Right on the heels of DAC's release of Herve Caen's statement slamming Bethesda comes another court filing from Interplay.

Interplay is now demanding the Bethesda pay all of its legal fees, including attorneys' fees. Here are some of the relevant excerpts from the filing:

The parties have been embroiled in ongoing disputes because Bethesda has been attempting to stop Interplay from, among other things, continuing to expoit its rights under the APA, specifically its MMOG rights and its distribution of Pre-Existing Games, i.e. Fallout 1, Fallout 2, Brotherhood of Steel and Tactics.

In addition, Bethesda has: (1) attempted to restrict Interplay's design and implementation of the MMOG; (2) attempted to prevent Interplay from distributing Pre-Existing Fallout games, portions of which are permitted under the APA; and (3) attempted to preclude Interplay from issuing press releases or anything related to the Fallout game, not withstanding the fact that Interplay has reserved certain rights to the Fallout Intellectual Property under the terms of the APA.

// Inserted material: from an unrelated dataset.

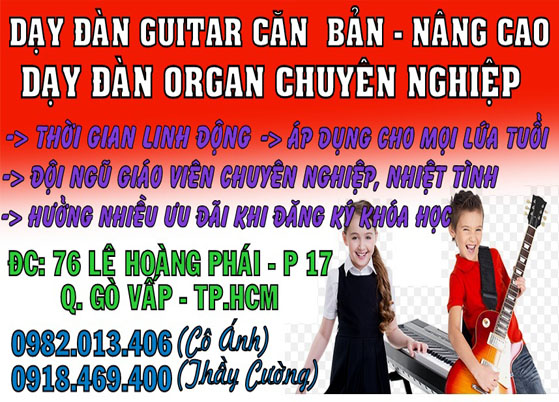 guitar binh tan 3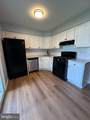 18 Harrington Lane - Photo 5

Even after discovery rendered it clear that Bethesda had no evidence to support its Motion, Bethesda continued to press for an injunction. Bethesda knew it could not prevail on the Motion because it could not establish any of the elements required for the granting of a preliminary injunction. In fact, in making the Motion Bethesda employed the incorrect legal standard for a preliminary injuntion in the Fourt Circuit; (Motion, p. 11). Further, Bethesda was unable to demonstrate any actual confusion or likelihood of confusion with respect to Interplay's permissible use of the Fallout trademark or any irreparable hard., Bethesda nevertheless persisted with the knowledge that protracted litigation would be costly to Interplay and take its focus off development of MMOG. Interplay was thereby required to expend substantial amounts of time ande legal expense in order to defend against Bethesda's unsuccessful Motion, which is exactly what Bethesda intended.

On December 10, 2009, after considering the pleadings, the evidence submitted after the hearing and oral arguments of counsel, this Court denied Bethesda's Motion in its entirety. At the hearing, the Court found that Bethesda could not establish even one of the elements required for the granting of a preliminary injunction.

Interplay wants "an award of its litigation costs, including attorneys' fees with respect to its successful defeat of Bethesda's Motion." Interplay then cites a myriad of different court case precedents to establish that they deserve this money. Here are the attorneys' fees that they want reimbursed, organized by law firm:

From The Gersh Law Firm, Inc.

Attorney Status Year Graduated From Law School Total Hours Current Rate Requested Lodestar
Jeffrey F. Gersh Principal 1979 192.5 $475.00 $91,437.50
Lawrence P. Brennan, Jr. Of-Counsel 1991 15.1


Rochelle A. Herzog Senior Counsel 1985 85.9 $395.00 $33,930.50
Tracy L. Baughman Associate 2005 15 $275.00 $4,125.00
Totals 308.50 $136,061.50

From Bregman, Berbert, Schwartz & Gilday

Attorney Status Year Graduated Law School Total Hours Current Rate Requested Lodestar
Geoffrey Hervey


1985 53.7 $310.00 $16,647.00

From Interplay's General Counsel

Attorney Status Year Graduated Law School Total Hours Current Rate Requested Lodestar
Chris Nelson General Counsel 1990 154.6 $285/hr. $44,061.00
125.2 $285/hr. $35,682.00

It should be noted that Chris Nelson "has reduced his hours to 125.2 and request a lodestar award in the amount of $35,382.00 rather than $44,061.00."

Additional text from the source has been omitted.